▶ _Work instructions_: Retype the data below exactly, skipping pictures.

Image-text web data
· · · · · · ·
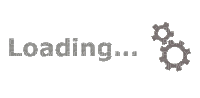 Loading.. - Zdarma animovaný GIF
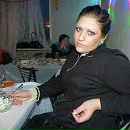 Фотография Смирнов Женек-Женькевич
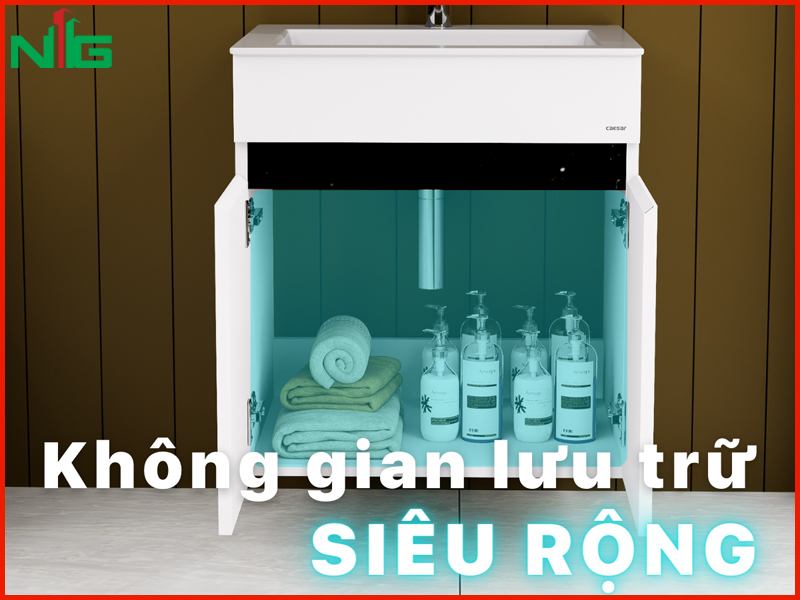 khong-gian-luu-tru-lon-tao-su-gon-gang-cho-phong-tam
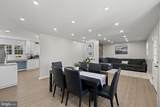 302 Henry Street - Photo 8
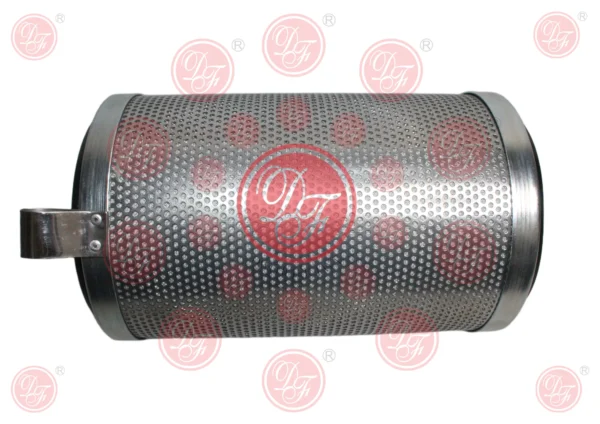 Kartrid Filter Air Karbon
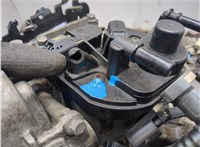 0135QY Двигатель (ДВС) Peugeot 508 2010-2014 9316775 #12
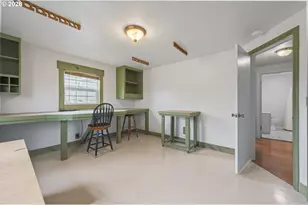 4470 Royal Ave, Eugene, OR 97402 - Photo 25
· · · · · · ·
▶ _Result of the task_:
 Loading.. - Zdarma animovaný GIF
 Фотография Смирнов Женек-Женькевич
 khong-gian-luu-tru-lon-tao-su-gon-gang-cho-phong-tam
 302 Henry Street - Photo 8
 Kartrid Filter Air Karbon
 0135QY Двигатель (ДВС) Peugeot 508 2010-2014 9316775 #12
 4470 Royal Ave, Eugene, OR 97402 - Photo 25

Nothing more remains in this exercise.